What features of your website are the most essential? Words, images, or goods? Are you require online chat features so you can communicate with clients in real time? Do you want visitors to your website to be able to make their own appointments? are Do you require multiple videos to explain how your product or service functions? Write down your responses to each of these inquiries, then start creating a list of website elements that are appropriate for your small business.
Your website will highlight the uniqueness of your company. In order to have the most successful operations, consider what style of website is most appropriate for you and provide a list of functionalities. At this point it’s time to put everything together.
Step -6. Hire necessary website support service
You can confidently select a support and development team by considering the requirements of your website. Your needs will guide the hiring process for everything from website design to hosting.
You may figure out the requirements for your website using the sitemap you created earlier and your domain research. This research can be given to various website service professionals, or it can be kept on hand for use as a source of information during discussions and when you request estimates from various businesses or people.

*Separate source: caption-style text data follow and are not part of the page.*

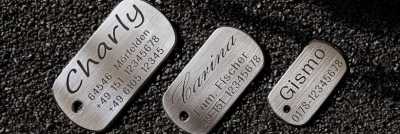 Hundemarke Edelstahl Dogtags Uebersicht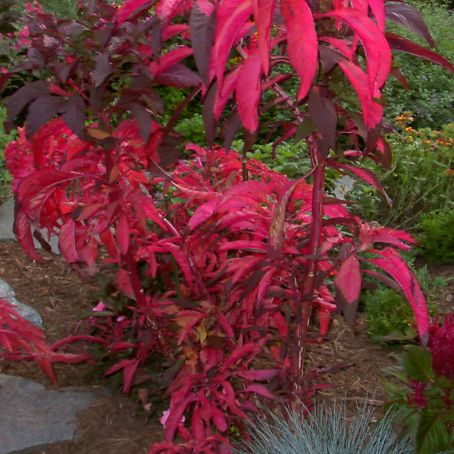 amaranthus 2 - stir
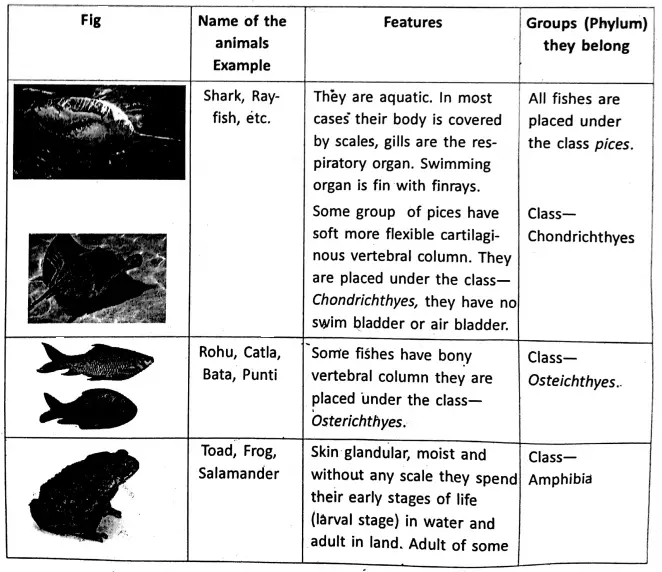 WBBSE Notes For Class 6 General Science And Environment Chapter 10 Biodiversity And Its Classification Verebrates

Find a web host and/or designer or a website service provider company that has expertise in dealing with clients in your field. For instance, you may know a designer who makes amazing websites for musicians that are filled with videos, sound files, and flashy designs. But if you’re an insurance agent, your website doesn’t need the same elements; instead, it will be focused on providing information, blog posts, testimonials, and ways for visitors to contact you. The insurance agent may focus on hiring a talented writer and getting a basic web designer, for example. Here are a few different elements to remember before deciding on an internet layout company.
Website hosting is not a big budget item for most small businesses, because it’s typically very affordable—in some cases, less than 10 dollars a month. However, it’s important to understand the additional costs and fees that can be part of a web hosting agreement. Start by clarifying your needs so that you only pay for what you want. Also look for additional perks you might not know about, such as email storage, SSL certificates, and even domain names! If you haven’t purchased a domain name yet, your hosting company may offer a package deal
The quality of your website’s hosts is extremely important as well. For example, do you want a shared server or a private server? If you expect to have lots of website visitors or surges in traffic, such as an e-commerce site might expect during the holidays, using a private server reduces the chances of your website going down due to server overload.

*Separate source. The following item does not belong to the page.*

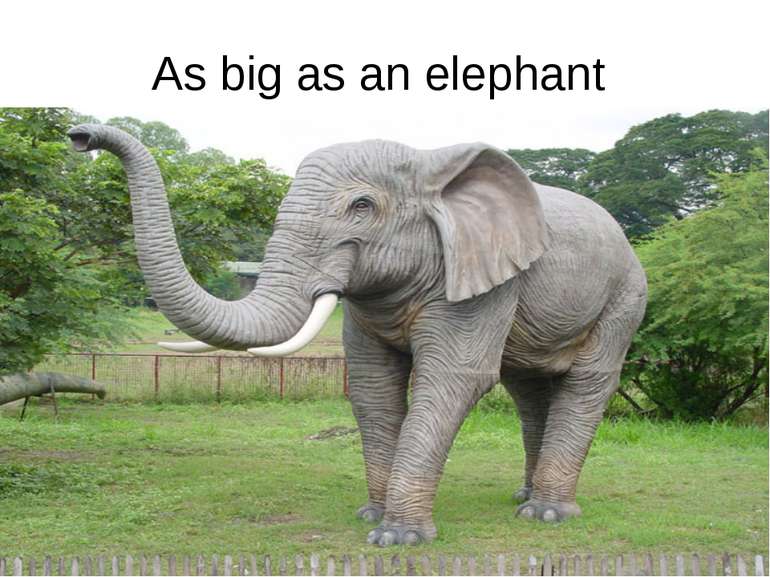 As big as an elephant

There’s a lot to think about upfront when creating a website, but there’s a logical flow to it. However, remember that your business is unique and there is no one-size-fits-all approach to building a website. So, write down what you need and hire the right team to get the job done.
Ready to Grow
It’s tempting to jump right into designing your business website. However, by taking the time to complete these six steps before you begin, you’ll be setting your website up for success. Secure your business names and online certifications well in advance as the proof can take months. Then find partners for your website design and hosting. In some cases, domain registration and other parts of the proof are included in service provider packages, so investigate which one fits your budget and business requirements. Don’t worry. Your website will be live in no time and with the right foundation it will be a success! Bonus chip. Be sure to test these things before your website goes live, too.